El anticomunismo es el primer flanco que ha debido proteger Jeannette Jara, aunque tal vez el más difícil de manejar, porque nadie puede desentenderse tan fácil de aquello que ha fraguado su identidad política. El Partido Comunista chileno, independiente de la opinión que se tenga de él, tiene un peso en la historia del país, una contundencia que lo ha hecho sobrevivir a la persecución y a las transformaciones sociales con un vigor que no han tenido otros alguna vez importantes y hoy en vías de extinción, como la Democracia Cristiana o el Partido Radical. Es un hecho. También es un hecho que esa capacidad vaticana para sobreponerse a los cambios históricos arrastra el costo de un anquilosamiento porfiado en defensa de regímenes impresentables, una terquedad endémica entre los sectores más veteranos y una identidad ideológica de origen difícil de calzar con las aspiraciones de un pueblo que mayoritariamente no le hace asco al consumo, ni se siente parte de un proletariado que no existe más, ni quiere clase de marxismo. Aquello que el partido le aporta a la candidata Jeannette Jara en disciplina y contacto con ciertos sectores populares, se lo resta en credibilidad sobre la capacidad de formar un gobierno amplio de orientación socialdemócrata. Es un hecho que la palabra “comunista” sigue siendo un insulto o una acusación grave para un sector importante del país, y que así sea no es algo que se pueda cambiar en una campaña. Ese es un flanco, el otro es la cercanía de la candidata con el propio gobierno del que fue ministra y cuyos índices de rechazo desde hace años superan el 50 por ciento.
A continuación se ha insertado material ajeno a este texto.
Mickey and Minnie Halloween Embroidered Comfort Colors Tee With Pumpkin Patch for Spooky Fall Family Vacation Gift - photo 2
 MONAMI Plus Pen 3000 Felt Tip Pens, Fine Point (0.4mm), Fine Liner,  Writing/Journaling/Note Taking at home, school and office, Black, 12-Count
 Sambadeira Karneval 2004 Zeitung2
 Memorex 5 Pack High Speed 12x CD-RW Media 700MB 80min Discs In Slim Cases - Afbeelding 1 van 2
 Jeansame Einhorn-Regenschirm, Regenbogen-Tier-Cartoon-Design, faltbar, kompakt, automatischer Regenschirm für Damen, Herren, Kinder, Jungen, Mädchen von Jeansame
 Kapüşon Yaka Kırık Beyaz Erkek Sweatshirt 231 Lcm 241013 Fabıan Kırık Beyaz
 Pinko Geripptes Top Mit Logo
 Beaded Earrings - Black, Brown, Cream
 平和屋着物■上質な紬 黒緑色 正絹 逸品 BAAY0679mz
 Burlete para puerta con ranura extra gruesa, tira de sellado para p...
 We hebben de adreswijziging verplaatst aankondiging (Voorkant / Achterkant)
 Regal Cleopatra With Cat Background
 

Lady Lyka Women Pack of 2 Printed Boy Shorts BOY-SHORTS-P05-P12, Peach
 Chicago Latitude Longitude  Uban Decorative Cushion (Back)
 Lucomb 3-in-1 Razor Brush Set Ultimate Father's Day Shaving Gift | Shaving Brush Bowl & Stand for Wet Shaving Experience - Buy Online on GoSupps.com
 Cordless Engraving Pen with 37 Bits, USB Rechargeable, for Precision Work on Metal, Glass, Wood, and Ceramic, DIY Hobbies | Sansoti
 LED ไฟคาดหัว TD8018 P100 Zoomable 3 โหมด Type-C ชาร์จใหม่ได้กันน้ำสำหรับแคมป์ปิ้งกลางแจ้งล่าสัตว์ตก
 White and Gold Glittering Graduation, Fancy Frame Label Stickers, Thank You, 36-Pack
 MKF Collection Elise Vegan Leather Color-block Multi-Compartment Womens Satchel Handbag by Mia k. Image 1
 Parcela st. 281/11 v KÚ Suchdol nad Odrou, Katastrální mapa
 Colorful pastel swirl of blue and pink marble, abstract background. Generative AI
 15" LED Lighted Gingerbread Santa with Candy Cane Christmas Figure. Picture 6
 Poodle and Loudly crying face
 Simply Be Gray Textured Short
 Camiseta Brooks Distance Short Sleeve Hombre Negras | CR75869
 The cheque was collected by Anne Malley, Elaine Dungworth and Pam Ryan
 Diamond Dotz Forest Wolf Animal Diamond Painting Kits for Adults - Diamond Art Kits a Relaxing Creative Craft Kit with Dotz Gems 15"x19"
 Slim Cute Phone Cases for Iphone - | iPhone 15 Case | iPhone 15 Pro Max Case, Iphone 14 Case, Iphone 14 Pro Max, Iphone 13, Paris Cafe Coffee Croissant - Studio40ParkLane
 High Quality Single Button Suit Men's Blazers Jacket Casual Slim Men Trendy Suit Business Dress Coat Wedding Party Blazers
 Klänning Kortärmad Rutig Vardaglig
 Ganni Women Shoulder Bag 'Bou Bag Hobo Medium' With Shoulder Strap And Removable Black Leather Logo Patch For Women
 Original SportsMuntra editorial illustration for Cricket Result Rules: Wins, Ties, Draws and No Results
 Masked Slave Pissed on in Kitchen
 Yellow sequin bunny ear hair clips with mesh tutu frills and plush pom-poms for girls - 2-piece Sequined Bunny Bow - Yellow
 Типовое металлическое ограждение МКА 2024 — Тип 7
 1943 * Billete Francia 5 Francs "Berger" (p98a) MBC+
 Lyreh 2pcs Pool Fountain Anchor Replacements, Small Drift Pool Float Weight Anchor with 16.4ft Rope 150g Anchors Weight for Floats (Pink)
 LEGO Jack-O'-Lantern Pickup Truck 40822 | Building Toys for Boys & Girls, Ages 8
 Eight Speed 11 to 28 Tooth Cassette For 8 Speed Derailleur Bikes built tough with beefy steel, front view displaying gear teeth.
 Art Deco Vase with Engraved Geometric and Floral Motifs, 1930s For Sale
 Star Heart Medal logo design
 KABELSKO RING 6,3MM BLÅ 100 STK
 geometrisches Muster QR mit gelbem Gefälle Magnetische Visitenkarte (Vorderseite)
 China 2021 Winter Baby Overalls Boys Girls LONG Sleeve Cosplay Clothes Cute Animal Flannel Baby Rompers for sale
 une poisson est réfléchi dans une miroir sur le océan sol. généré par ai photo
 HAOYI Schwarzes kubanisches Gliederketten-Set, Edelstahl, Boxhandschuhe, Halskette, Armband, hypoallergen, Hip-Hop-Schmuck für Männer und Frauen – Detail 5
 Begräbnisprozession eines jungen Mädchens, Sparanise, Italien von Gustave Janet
Hubo dos momentos del último debate presidencial en los que el peso muerto del actual oficialismo hizo trastabillar a la candidata Jara de un modo desconcertante: cuando sostuvo que estaría a favor de construir una planta de hidrógeno verde en el norte, sacrificando, por lo tanto, las ventajas del sector para el desarrollo de la astronomía, y cuando equiparó machismo a feminismo frente a una pregunta fácil de retrucar.
En ambos momentos se asomó la paradoja de querer ser al mismo tiempo cambio y continuidad, desechando promesas del cuidado del medioambiente, contraponiéndolo con productividad, basureando tácitamente el valor del desarrollo científico y disponiendo a un mismo nivel feminismo, es decir las políticas para avanzar en igualdad de género, con un prejuicio arbitrario y odioso como el machismo.
Ambos tropiezos solo se explican porque Jeannette Jara ha debido resistir una carrera presidencial cuesta arriba, acomodando sobre sus hombros el legado contradictorio de un gobierno que asumió rebosante en convicciones y promesas que no pudo sostener en los hechos. Esto la ha obligado a cuadrar un círculo imposible: mostrarse como alguien con los pies en la tierra, capaz de ofrecer orden y crecimiento, destacar los logros que obtuvo como ministra, pero al mismo tiempo imponer distancia con la nave madre. Aspirar a que el electorado rellene los baches lógicos de este ejercicio es exigir demasiado.
Bajo estas condiciones las posibilidades de un triunfo para Jeannette Jara son escasas, pero no imposibles. De ganar, su mérito será enorme, pero el dilema y los flancos no se esfumarán, persistirán con un Congreso más hostil que el actual. En el caso contrario, la responsabilidad por una derrota no será totalmente suya, sino de todas las izquierdas actualmente en el poder, las que han estado evitando mirar de frente y en detalle el significado del fracaso del 4 de septiembre de 2022, el momento en el que la rabia cobró otra forma, una que la ultraderecha se apresuró en capturar.